Depuis son intronisation, SM. le Roi Mohammed VI a explicité son projet et l’a concrétisé. La vision est claire, son énoncé est transparent et les tâches qu’elle réclame à tout un chacun ont été exposées à plusieurs reprises.
Le rythme du Roi est impressionnant. Il est en mouvement perpétuel et fait avancer l’ensemble des réformes et des chantiers en même temps, dans une cohérence dont il a, seul, le secret.
Certaines structures sclérosées et certains hommes essoufflés ont démontré qu’ils ne peuvent pas suivre le rythme.

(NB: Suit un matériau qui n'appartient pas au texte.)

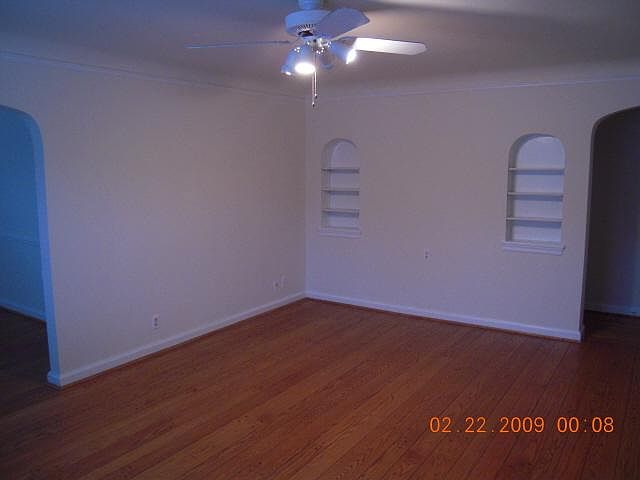 2nd image of 2972 Linwood Ave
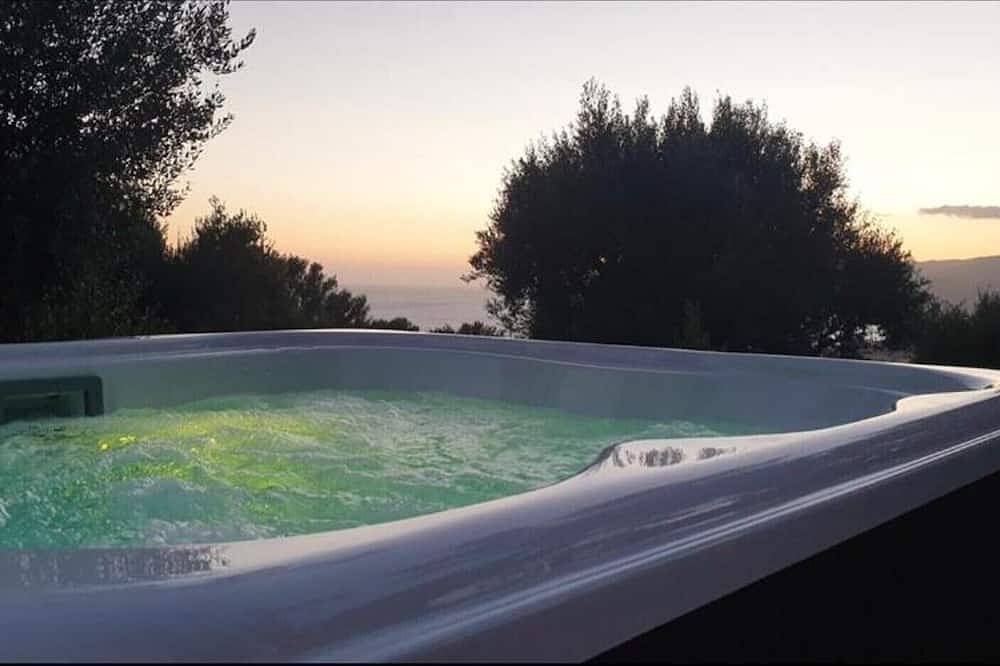 Apartamento entero, Apartment Cilento Ascea with swimming pool Casolare Centoulivi in Ascea, Cilento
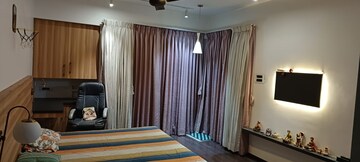 Bedroom in 5 BHK Apartment at Metro Jazz, Baner – for Rent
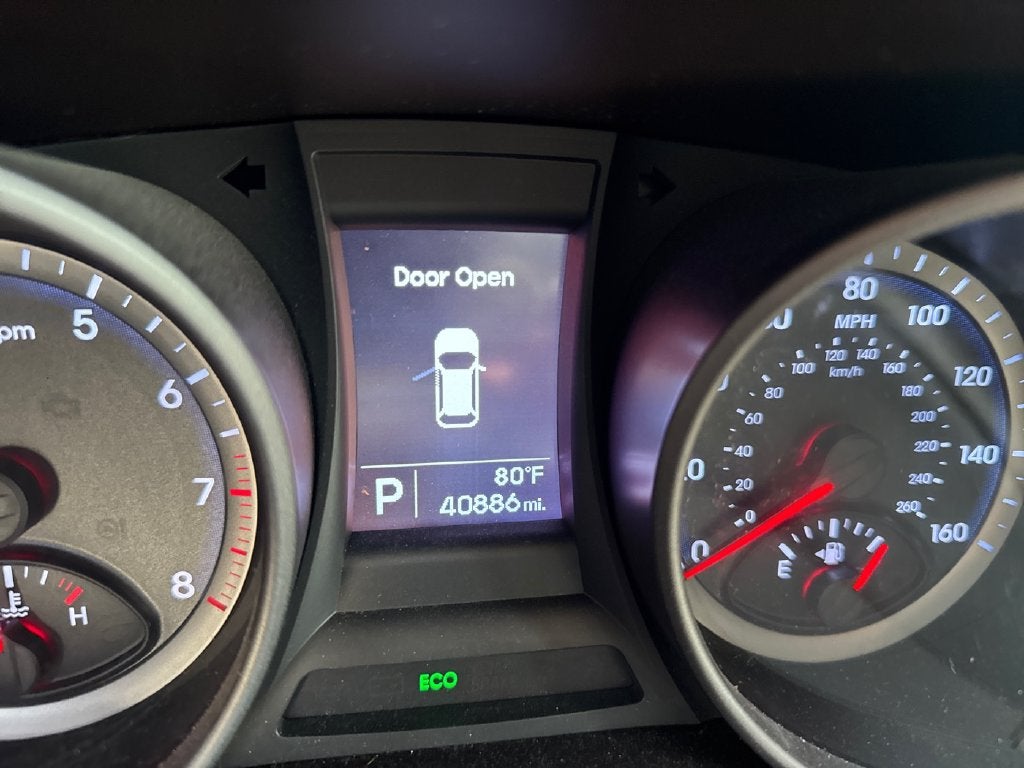 2015 Hyundai SANTA FE SPORT Base
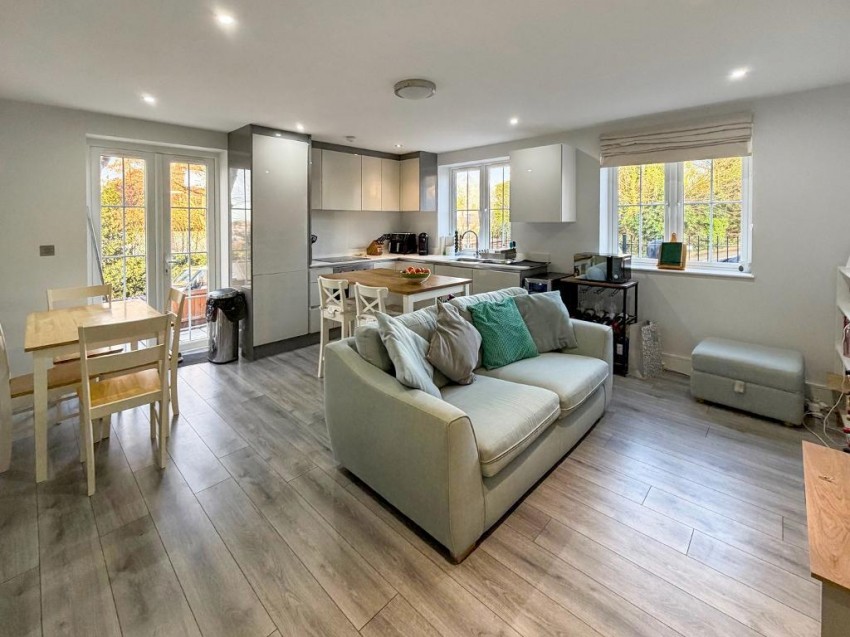 Images for Selcroft Road, Purley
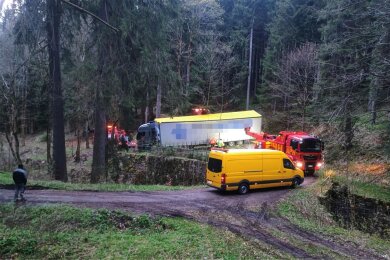 Der Lastzug einer polnischen Spedition steckte mitten im Wald nahe der Schmalzgrubner Straße zwischen Steinbach und Schmalzgrube fest. Die Bergung dauerte mehrere Stunden.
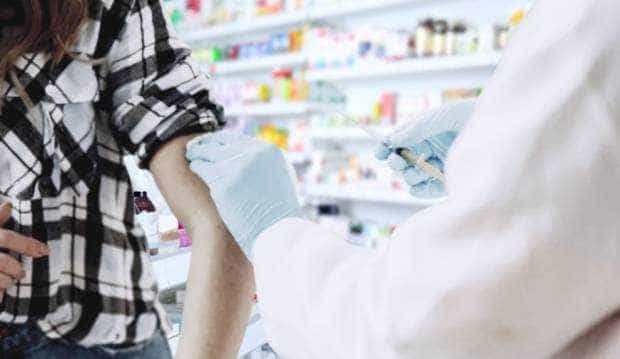 Farmaciile se pot înscrie în programul pilot de vaccinare antigripală
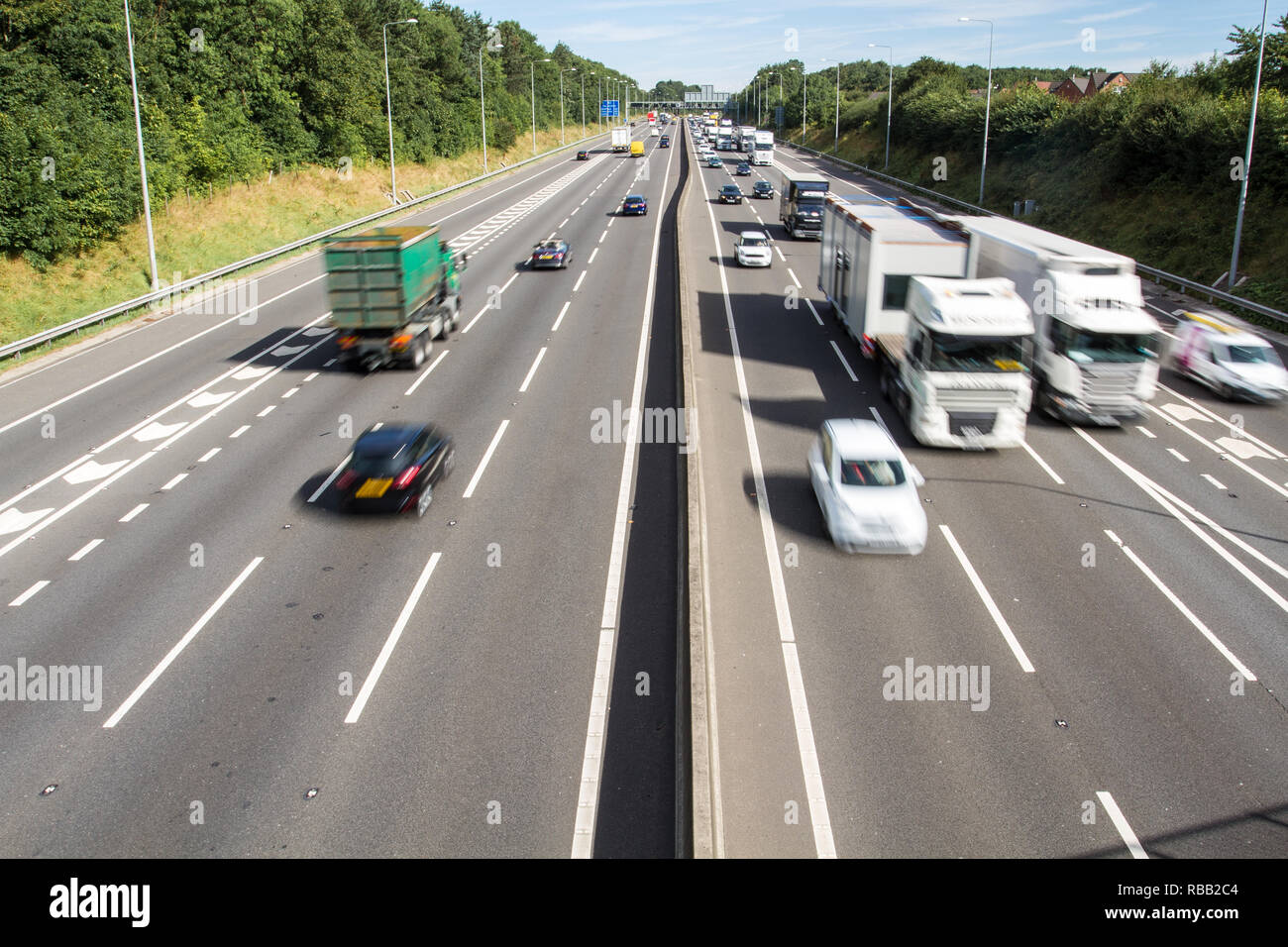 NOTTINGHAM, Großbritannien - 23 August 2016. Ein Luftbild der viel befahrenen Autobahn M1 in Großbritannien mit dem Schnellfahren Verkehr, einschließlich Autos und Lkws mit kopieren. Stockfoto
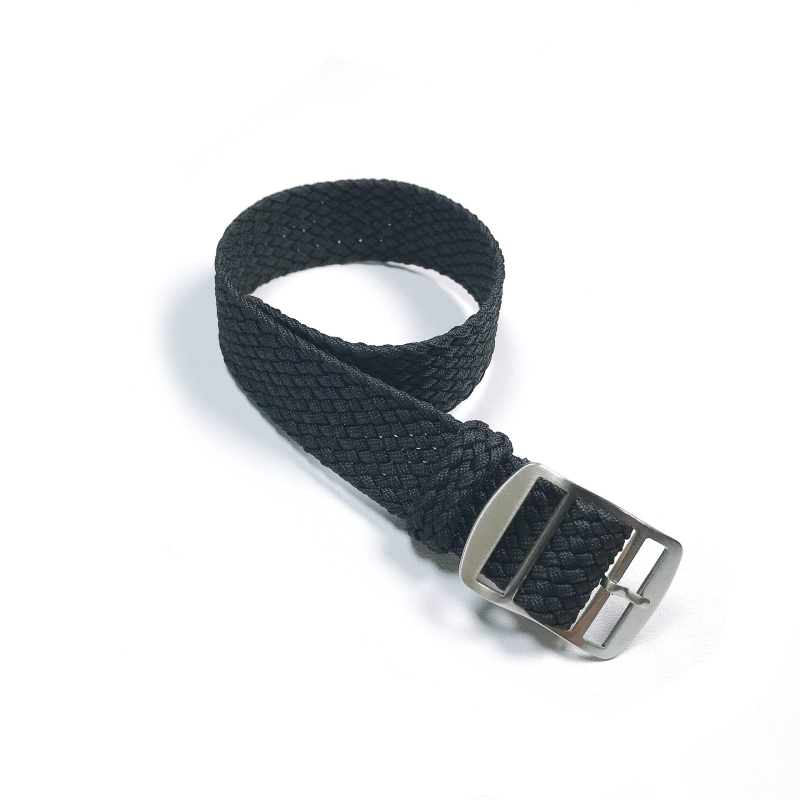 Nijon narukvica za sat s twist pletenicom, srebrno matovim kopčom od nehrđajućeg čelika; marka Instantaneous jump strap.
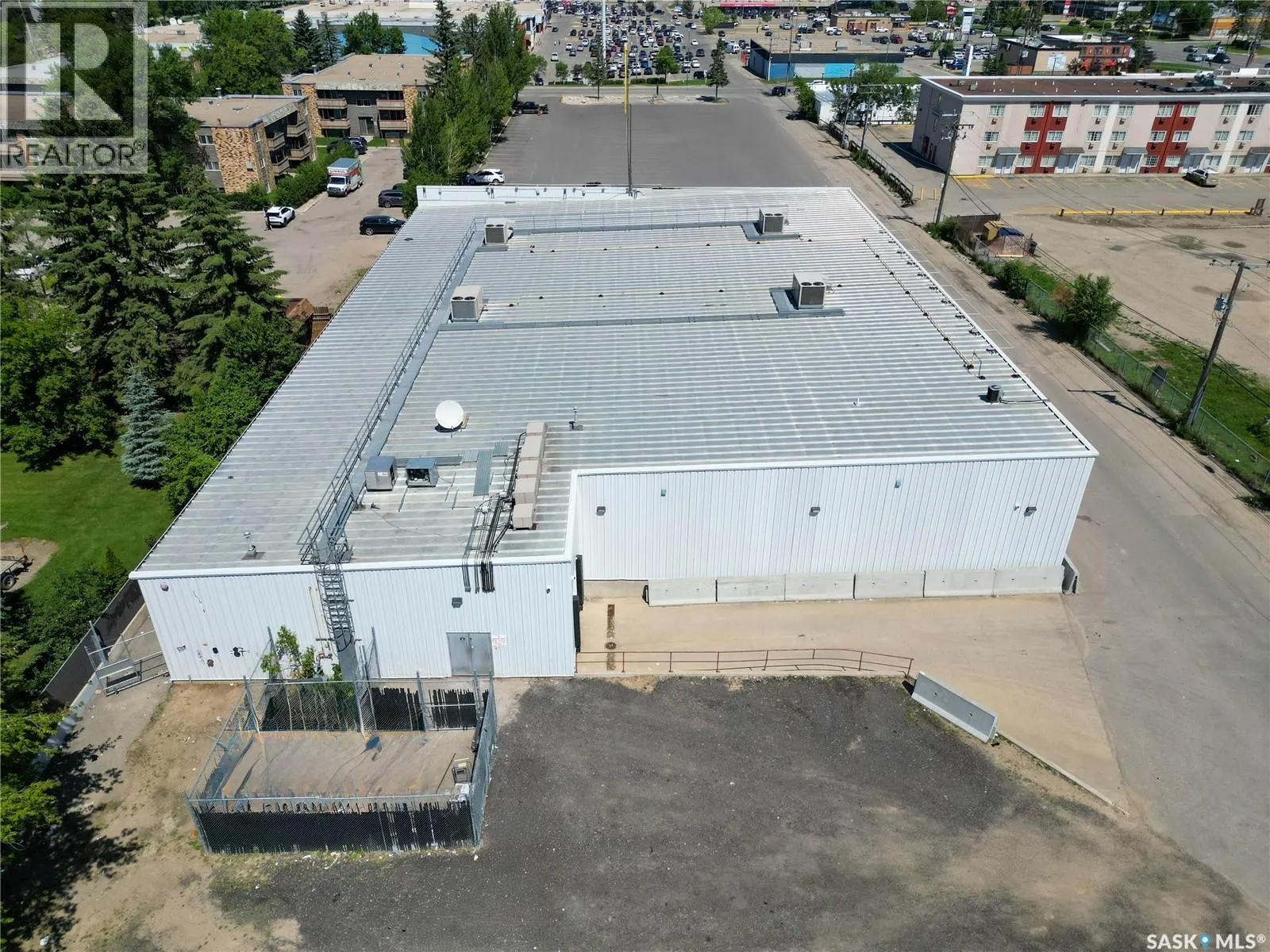 St W 267 32nd STREET W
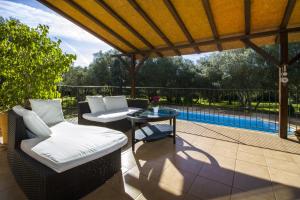 The swimming pool at or close to Finca Katia
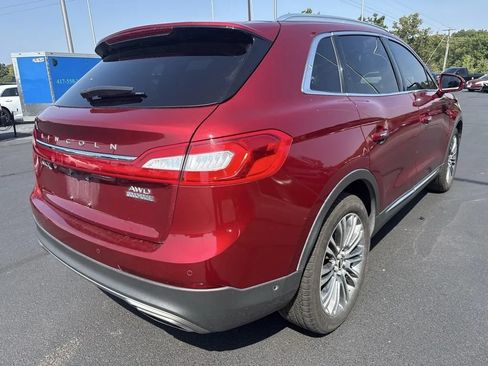 Used 2016 Lincoln MKX Reserve w/ Technology Package AWD/4WD image 4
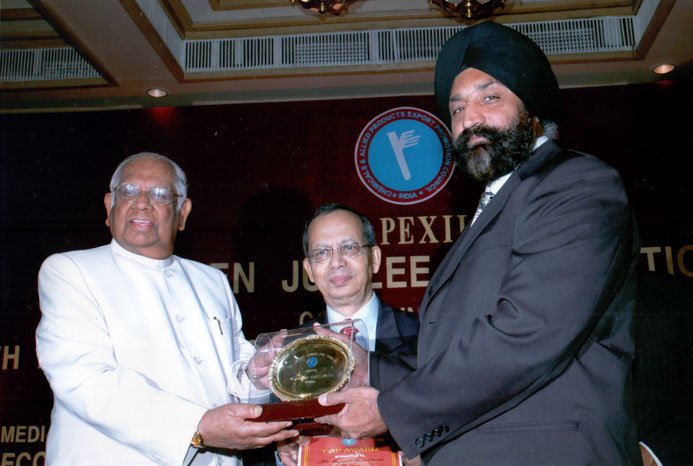 Award for &#39;Best Exports&#39; turnover Sh. Somnath Chaterjee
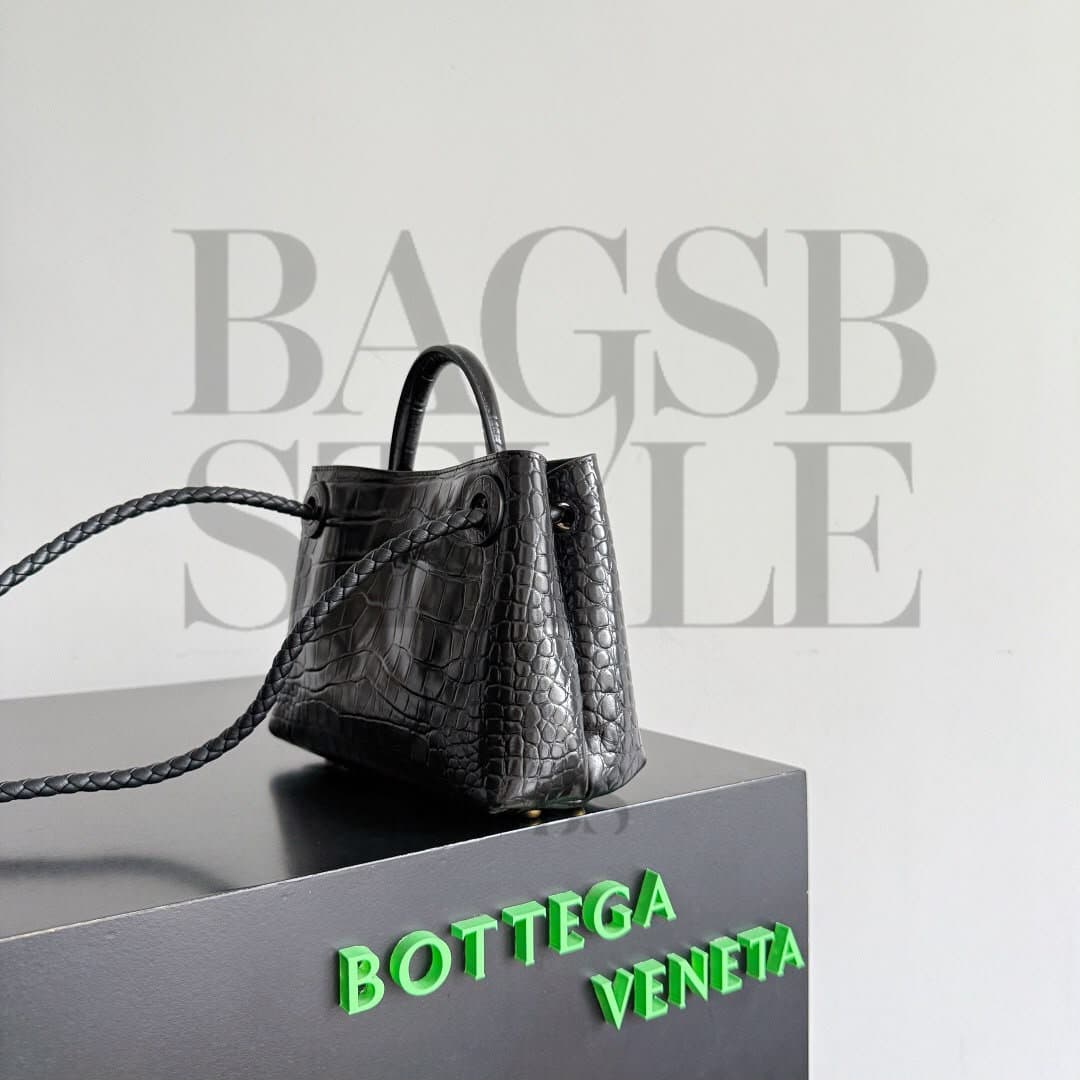 BOTTEGA VENETA MINI ANDIAMO CROCODILE LEATHER 777614 (22 × 15.5 × 9 cm) — Bags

Cela concerne les politiques, bien évidement, mais aussi le privé issu de l’économie de rente. Il est clair que ceux qui ne suivent pas le rythme se retrouveront éjectés par un processus bien installé et qui fonctionne à plein régime.
C’est cette constatation qui a incité Fouad Ali El Himma à se jeter dans l’arène politique, lui l’un des hommes les plus proches du Souverain et qui cernait le mieux les ambitions du projet national. Le parrain du PAM ne cesse de rappeler qu’il faut que toutes les institutions se mettent au diapason de l’action royale.
Nous sommes à une étape cruciale où il nous faut collectivement redoubler d’efforts pour assurer l’émergence, la crédibilité des institutions et la modernisation non pas de l’économie, mais de la société dans son ensemble. C’est une étape qui donnera naissance à ses propres hommes. Dans ce processus, il n’y a pas de place pour les situations acquises et tous ceux qui ne peuvent accélérer le rythme seront remplacés.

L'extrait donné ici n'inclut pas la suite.